[Exercise aim]
Reproduce the listing exactly, with no pictures in your copy.

[Dataset content]
********

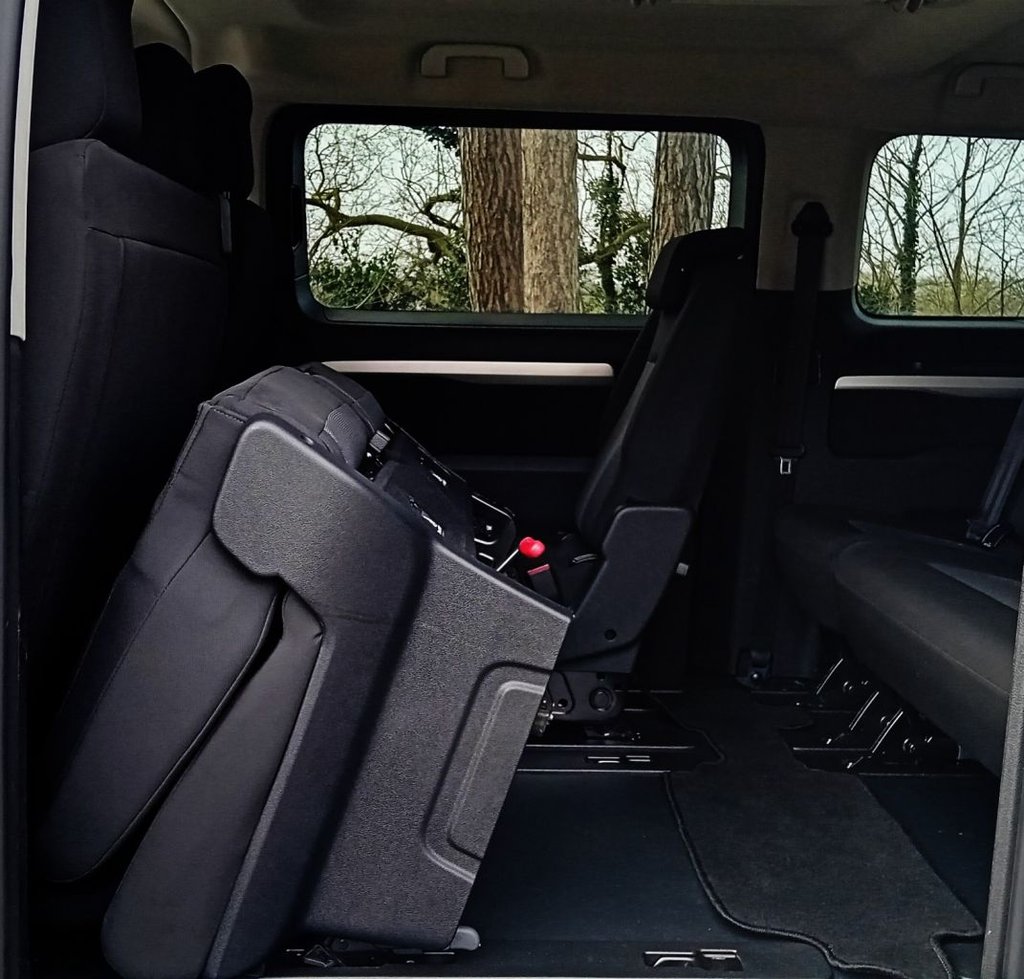 Used Toyota PROACE CITY Verso 2024 for sale - 77976318: Photo 24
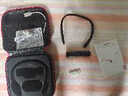 联想（lenovo）LX918头戴摄像机微型会议骑行旅拍运动随身钓鱼执法记录仪4K防抖高清拍摄专用设备 LX918 Lx918【64G】黑色【推荐】 实拍图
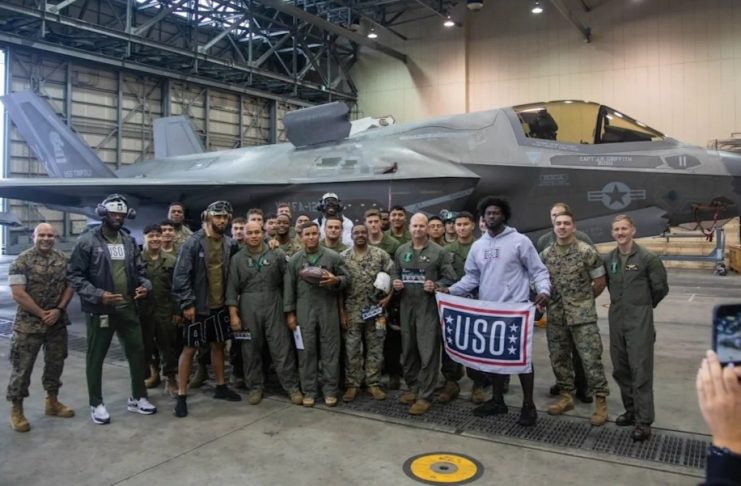 Foto: Divulgação Atlanta Falcons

********

[Output of the task]
 Used Toyota PROACE CITY Verso 2024 for sale - 77976318: Photo 24
 联想（lenovo）LX918头戴摄像机微型会议骑行旅拍运动随身钓鱼执法记录仪4K防抖高清拍摄专用设备 LX918 Lx918【64G】黑色【推荐】 实拍图
 Foto: Divulgação Atlanta Falcons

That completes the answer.